Medical professionals sent the third letter to Ducey and Arizona Department of Health Services Director Dr. Cara Christ exactly one month after Arizona’s stay-at-home order expired.

“There is no vaccine and no treatment for COVID-19, and it is just as contagious now as it was last month or the month before,” they wrote.

They said there were “so many reasons this simple act of wearing a mask can help the greater good.”

What the governor’s spokesman said

Asked about the letters Tuesday, Ducey spokesman Patrick Ptak encouraged Arizonans to wear masks when out in public. But he sidestepped questions about requiring them — a strategy already implemented in Delaware, Maryland, Massachusetts and New York.

Ducey, along with the state’s health director, is rarely seen wearing a mask himself.

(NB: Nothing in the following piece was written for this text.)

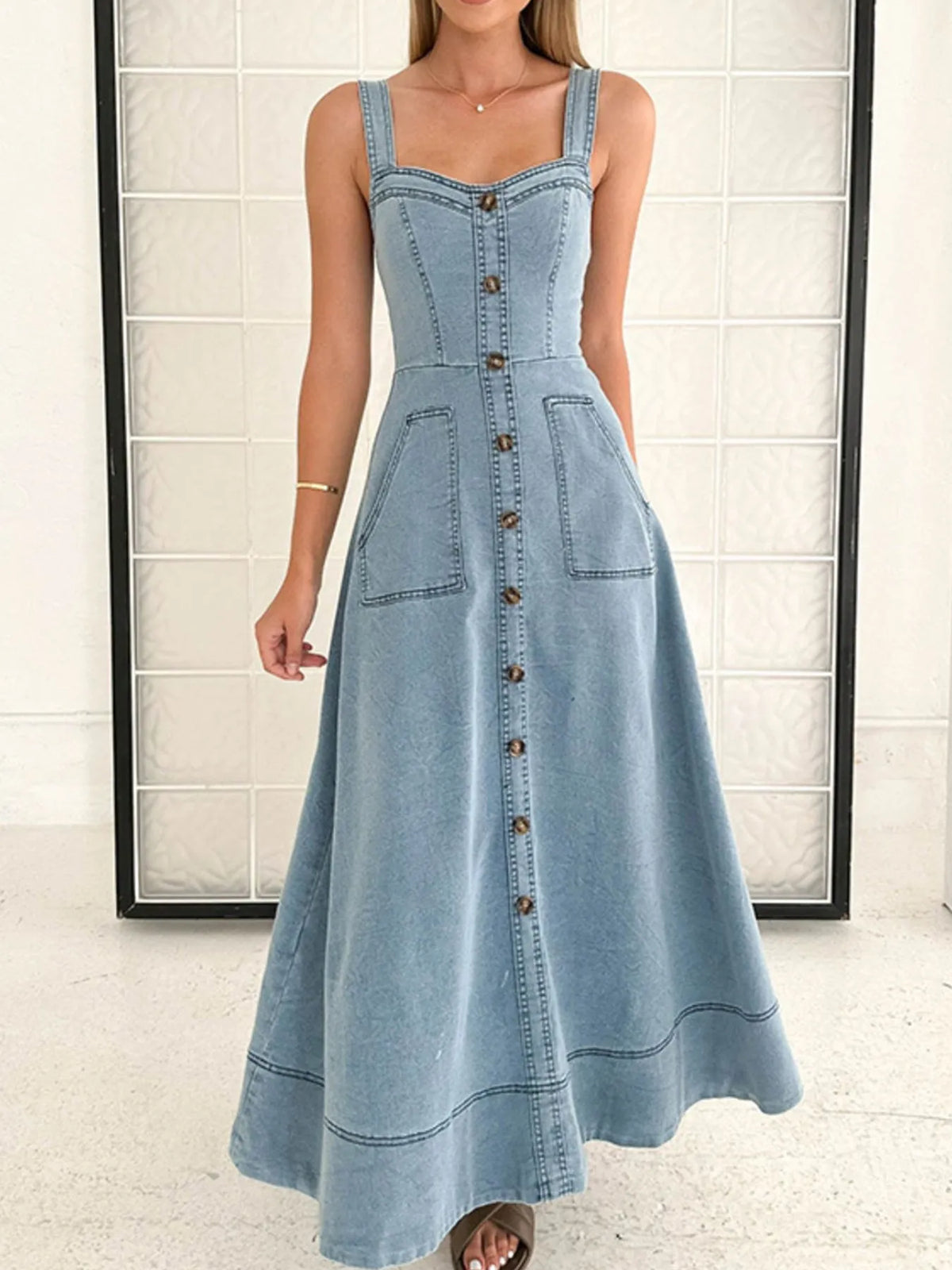 Denim-Look Sweetheart Neck Wide Strap Button Front Pocket Maxi Dress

Rather than roll out a statewide policy, Ptak said the Governor’s Office would be stepping up its efforts to educate the public on COVID-19 precautions, continuing to ramp up testing for the disease, expanding contact tracing throughout the state and working to ensure sufficient hospital capacity. 

An executive order the governor issued in May prevents cities and counties from imposing their own mandates.

The need for additional interventions has been growing since around Memorial Day weekend when Arizonans appeared to begin resuming normal behaviors, said Dr. Christine Severance, a family physician in Phoenix, who authored the Sunday letter and signed the Monday one. 

“No social distancing, going to bars and happy hour, not wearing masks — it seemed like the general public assumed the threat was over when it was really only just beginning,” Severance said. “In addition to the governor giving an executive order about the masks, I think we need to get support from other leaders … We need a widespread effort.”

If Arizonans wore masks while in public settings, it would make a big difference in slowing the spread of the disease here, she said. The virus can be spread not just with coughing and sneezing, but also by conversation, yelling and singing, she said.

“Our concern was not just for the citizens. There’s not enough focus on the effect this has on our health care system, and specifically on our providers,” she said. “There have been at last count 600 deaths of health care workers in the United States alone … It’s incredibly strenuous, it’s heartbreaking, I hear gut-wrenching accounts from multiple providers on the front lines.”

While Arizona hospitals may be able to stretch into emergency capacity, people don’t always understand that having enough ventilators is not the same as having enough skilled staff to handle them, she said.

“Every hospital has its capacity of critical care physicians, respiratory therapists, ICU nurses. If we reach emergency capacity we have to start pulling staff from other departments in order to care for these patients, which means the quality of care will suffer,” she said.

“We’re hoping the state will mandate face masks. We’re hoping the general public will start to accept the science behind the face masks and see it as a necessity,” she said. “The science shows that this disease is dangerous … We need to step up and do what’s right for our community to protect those around us.”

Dr. Susan Hughes, a retired Scottsdale physician, said she personally delivered the third letter to Christ and to Ducey’s office Tuesday morning. When she arrived at Christ’s office, Christ and her assistant were wearing masks, she said.

Hughes said she did not see Ducey when she delivered the letter to his office.

While the letter had 688 signatures when it was delivered, the number had grown to 750 by Tuesday afternoon, Hughes said.